Iron Fists follows one big cavalcade of characters in a feudal Chinese village. The tale begins by introducing a former slave turned blacksmith (RZA) who provides weapons for anyone who pays, including Silver Lion (Mann), who murders the leader of his clan, Gold Lion, and takes over. While trying to murder the son of Gold Lion, Zen Yi (Yune), and officially take over the village with the help of Brass Body (Bautista), Silver runs into trouble from the blacksmith, the local brothel manager Madam Blossom (Liu), and a British soldier named Jack Knife (Crowe).

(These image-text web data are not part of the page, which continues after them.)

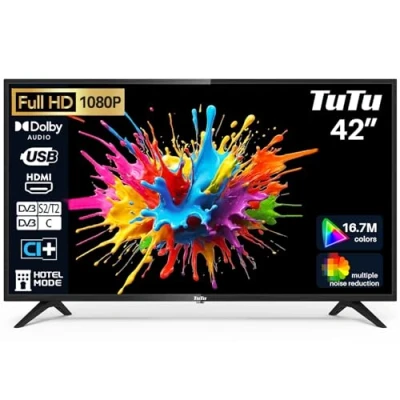 Abbildung von TuTu Fernseher 42 Zoll (106cm) Full HD LED TV Triple Tuner (DVB T/T2 C S/S2) HDMI USB CI/CI+ Hotelmodus Media Player (2023)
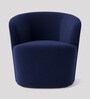 Aron Velvet Low Back Lounge Chair In Navy Blue  Colour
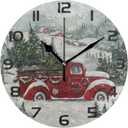 ALAZA Red Truck Christmas Tree Wall Clock Non Ticking Decorative Desk Clock for Bedroom Kitchen Living Room School Office,Black (Color 12)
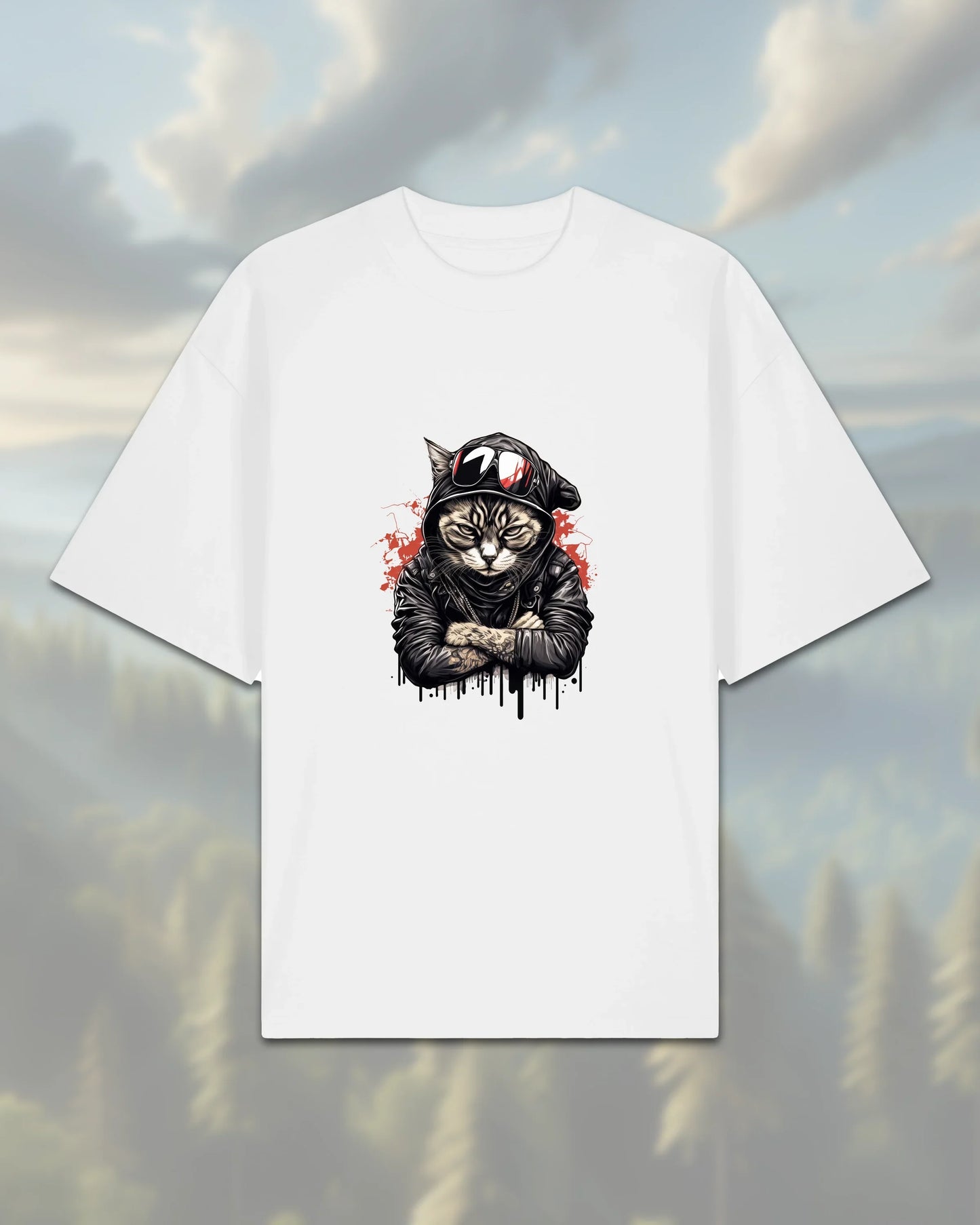 Oversize T-Shirt | Cat in Hoodie 2 - White / XXS - Shirts
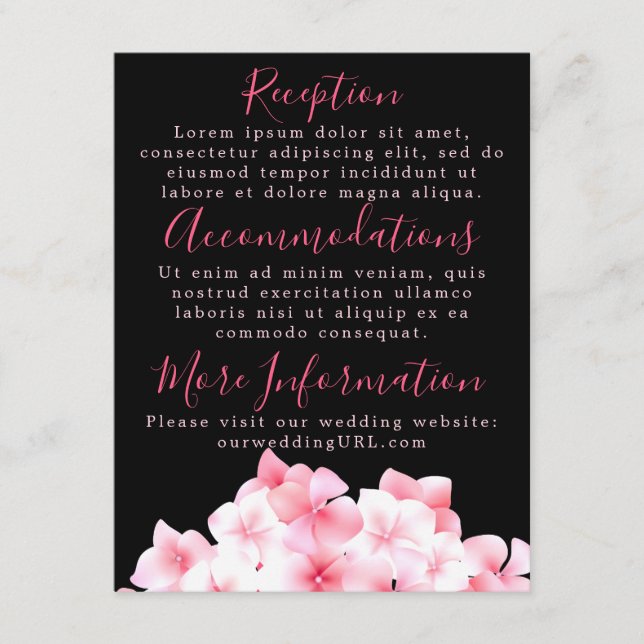 Tarjetas de recepción de Hortensias Rosa Acuarela (Anverso)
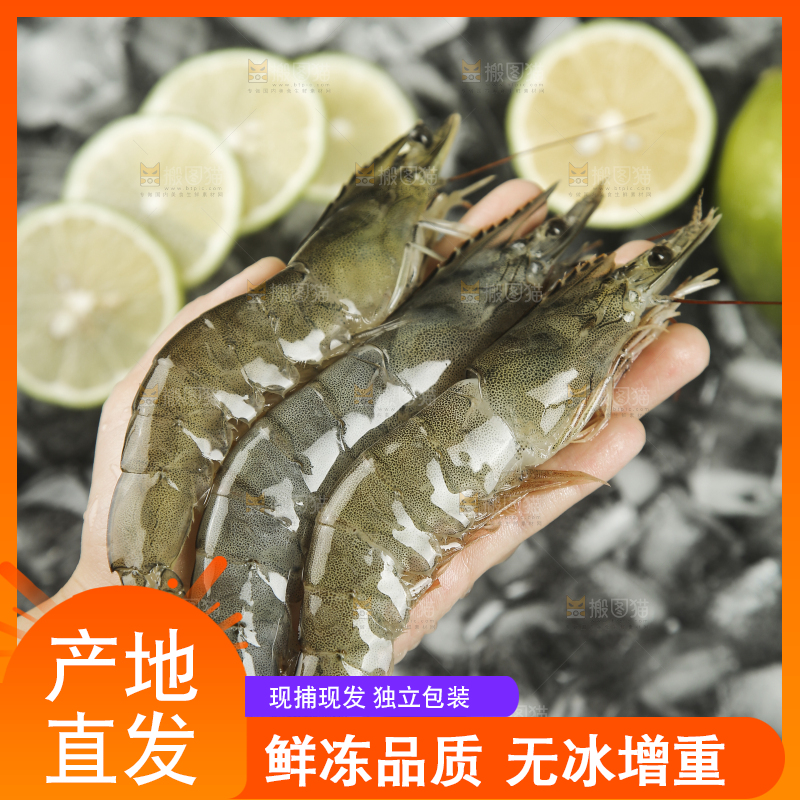 手里拿着青岛大虾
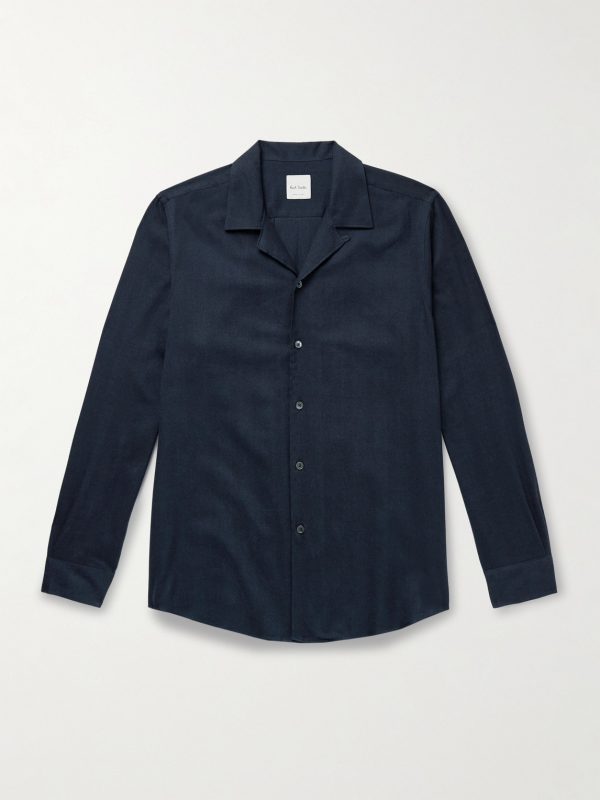 Convertible-Collar Herringbone Cotton and Lyocell-Blend Shirt
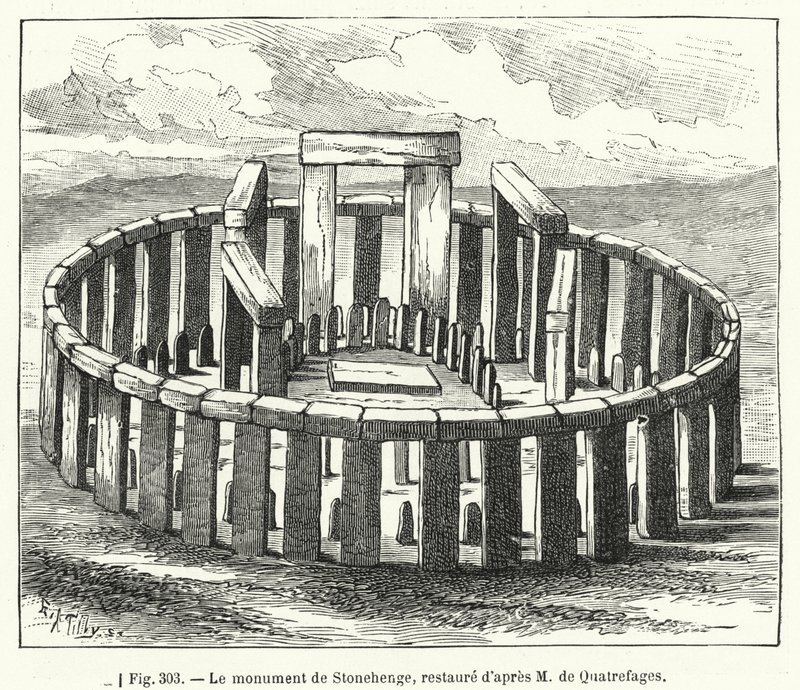 Památník Stonehenge, obnoven po M de Quatrefages (rytina) od French School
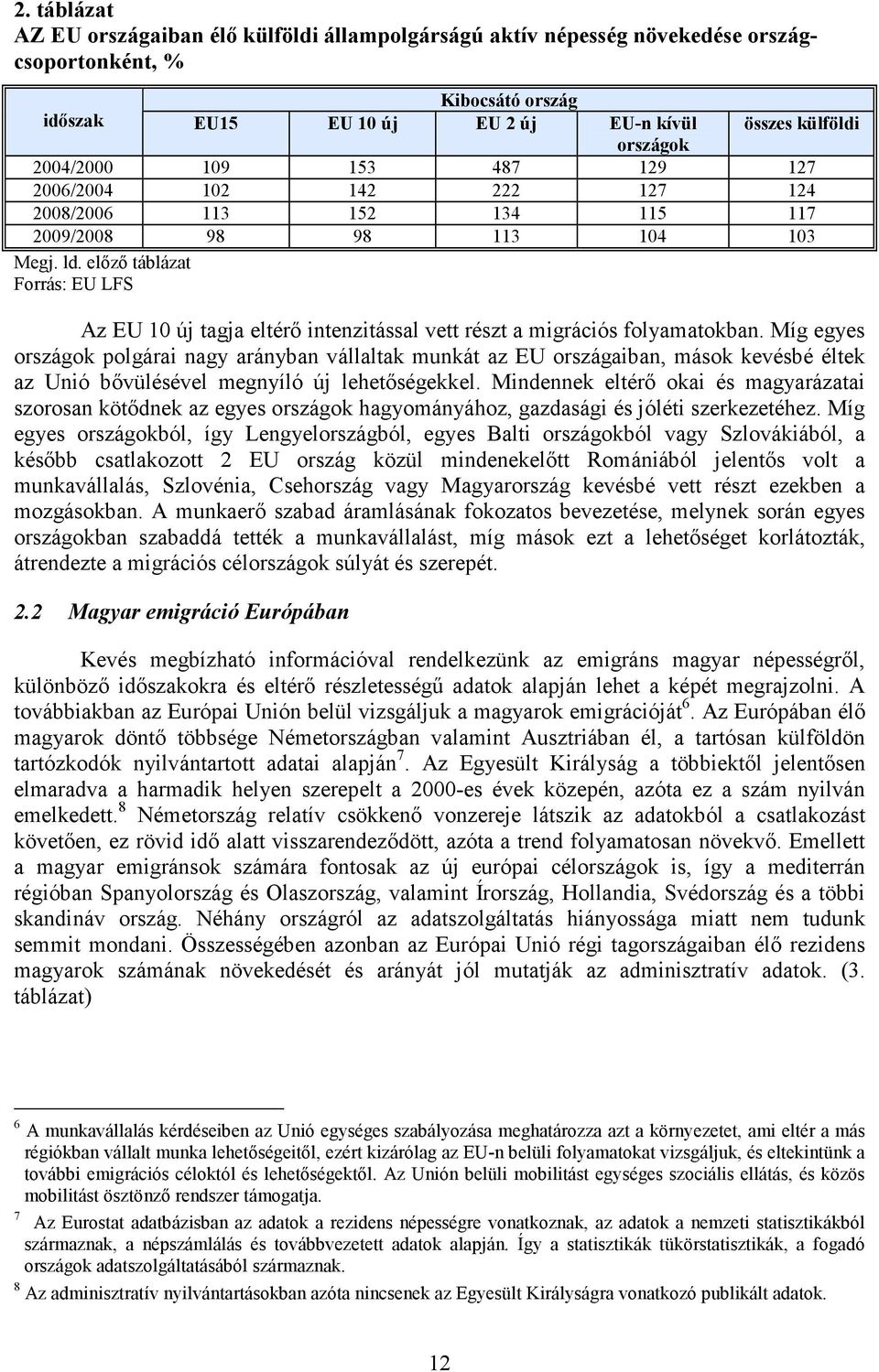 elızı táblázat Forrás: EU LFS Az EU 1 új tagja eltérı intenzitással vett részt a migrációs folyamatokban.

This all sounds fairly tame, but there’s a lot to leave in the shadows to avoid spoiling all the laughable things that come along with a story like this. Considering Eli Roth’s past work writing movies, from Hostel to Cabin Fever, anyone who walks into this should know to have low expectations, even with RZA taking his first shot at writing. There’s plenty of terrible dialogue, some amusing and some just plain bad. However predictable they are at times, all of the silly twists and turns make the story move along smoothly.
Iron Fists marks both RZA’s screenwriting debut and directorial debut, and his work here isn’t all that bad. Handling a cast with talented people like Lucy Liu and Russell Crowe isn’t for everyone, but he manages it well enough. There are plenty of great fight scenes, most of which are set to rap music. Chi Ying Chan also brings some nice photography into the mix when showing off some of the film’s other positive aspects. The film’s best feature would certainly be its costume and set design, with the brothels pink and gold drapery popping in every scene it’s featured.
As for the worst, that would be Dave Bautista’s so-called acting, along with the very existence of his character. RZA’s direction is fine, but his acting isn’t much better than Bautista. The film, thankfully, has Liu, Crowe, and Mann to balance things out with solid and humorous performances. Crowe loosens up like never before, Liu isn’t quite as demanding as in Kill Bill, but close enough, and Mann brings a lot of fun in his traditional villainous kung-fu movie nature.
A debut like The Man with the Iron Fists isn’t something you come in contact with often, and RZA has delivered a movie that will likely leave everyone feeling like they’ve been punched in the gut. Whether that’s a positive or not is entirely up to you.